Nominated by IMD for his exemplary leadership, Scavenius will receive the Association to Advance Collegiate Schools of Business’s (AACSB) 2021 Class of Influential Leaders award. The AASCB honors leaders who are using their business education for impact in unique ways for societal change. Just two dozen graduates of AASCB-accredited business schools receive this exclusive recognition each year.
Humbled by the award, he prefers to view it as the collective achievement of Kwera’s global staff, volunteers and partners and is especially pleased that it will confer credibility upon the enterprise he views as his life’s mission.
“I do hope that awareness around this award will get people to see that Kwera is a real business. It’s well established and it’s super compliant because, well, I’m a lawyer, after all,” laughed Scavenius. “We are an efficient, sustainable business. It is built into our model,” he said.
In Chichewa, Malawi’s national language, Kwera means ‘to climb’ and the nonprofit social enterprise finds and funds top students through their university courses at local universities and couples its financial support with a four-year skills development program that all students must complete. In this way Kwera aims to have one highly educated person in every Malawian family within two generations. For a country with Africa’s lowest number of students in higher education – currently just 1% – the positive potential of Kwera’s efforts in terms of health, economy, innovation and competitiveness are considerable.

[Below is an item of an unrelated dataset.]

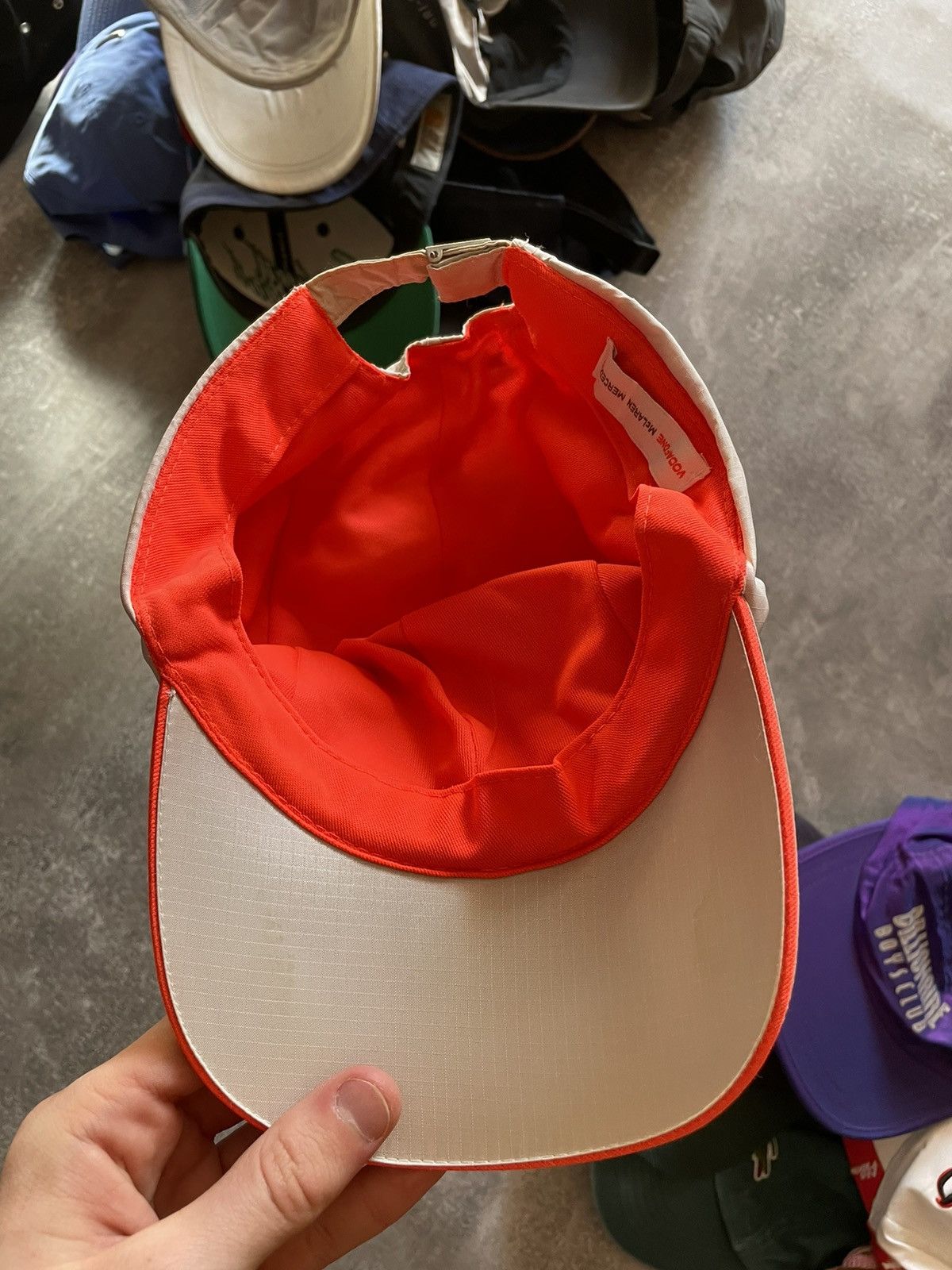Malcolm McLaren × Mercedes-Benz × Vintage Vintage Vodafone McLaren Mercedes Racing Cap Size ONE SIZE - 7 Thumbnail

Designed by a team made up of current and former IMD faculty and educational and leadership coaches, many of whom have worked with IMD in the past, the development program spends two years on the student’s personal development and communication skills and the next two years on market-creating innovation and entrepreneurial skills.
The aim is to create tomorrow’s leaders with the education and the skills to succeed in any environment. Once settled in employment, Kwera’s Student Climbers, as they are known, are contractually obliged to pay a percentage of their salaries back into Kwera in order to fund more Student Climbers.